■ **Brief**: This exercise requires an exact copy of each line from the one containing "A red and blue" down to the last line below.

**********

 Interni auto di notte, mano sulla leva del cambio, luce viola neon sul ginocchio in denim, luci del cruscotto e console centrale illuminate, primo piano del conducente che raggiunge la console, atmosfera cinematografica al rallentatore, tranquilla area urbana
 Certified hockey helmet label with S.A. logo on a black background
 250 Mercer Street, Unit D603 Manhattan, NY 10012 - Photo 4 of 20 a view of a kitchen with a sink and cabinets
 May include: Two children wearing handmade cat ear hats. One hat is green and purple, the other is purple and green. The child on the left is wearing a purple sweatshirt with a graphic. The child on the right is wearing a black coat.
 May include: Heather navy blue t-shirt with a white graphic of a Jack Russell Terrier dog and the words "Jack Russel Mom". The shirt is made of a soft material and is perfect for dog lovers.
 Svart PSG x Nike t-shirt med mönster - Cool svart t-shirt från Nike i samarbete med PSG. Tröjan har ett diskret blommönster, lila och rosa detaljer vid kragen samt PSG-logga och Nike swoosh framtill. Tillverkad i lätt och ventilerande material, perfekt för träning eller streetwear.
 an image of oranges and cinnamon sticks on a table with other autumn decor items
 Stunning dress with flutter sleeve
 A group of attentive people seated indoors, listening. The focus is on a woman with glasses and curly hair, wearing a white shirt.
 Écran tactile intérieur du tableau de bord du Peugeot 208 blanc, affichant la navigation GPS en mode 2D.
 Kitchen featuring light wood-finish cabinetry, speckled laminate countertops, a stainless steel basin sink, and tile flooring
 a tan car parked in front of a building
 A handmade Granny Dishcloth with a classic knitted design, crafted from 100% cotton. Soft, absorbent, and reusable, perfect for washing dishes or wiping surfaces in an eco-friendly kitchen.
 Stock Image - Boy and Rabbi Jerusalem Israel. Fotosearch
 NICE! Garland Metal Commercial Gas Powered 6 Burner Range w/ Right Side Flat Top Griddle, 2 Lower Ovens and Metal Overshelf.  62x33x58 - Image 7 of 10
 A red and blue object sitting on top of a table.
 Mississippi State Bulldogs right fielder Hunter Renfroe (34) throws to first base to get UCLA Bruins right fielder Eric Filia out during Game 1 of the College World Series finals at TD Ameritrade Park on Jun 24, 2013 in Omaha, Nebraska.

**********

■ **Task output**:
 A red and blue object sitting on top of a table.
 Mississippi State Bulldogs right fielder Hunter Renfroe (34) throws to first base to get UCLA Bruins right fielder Eric Filia out during Game 1 of the College World Series finals at TD Ameritrade Park on Jun 24, 2013 in Omaha, Nebraska.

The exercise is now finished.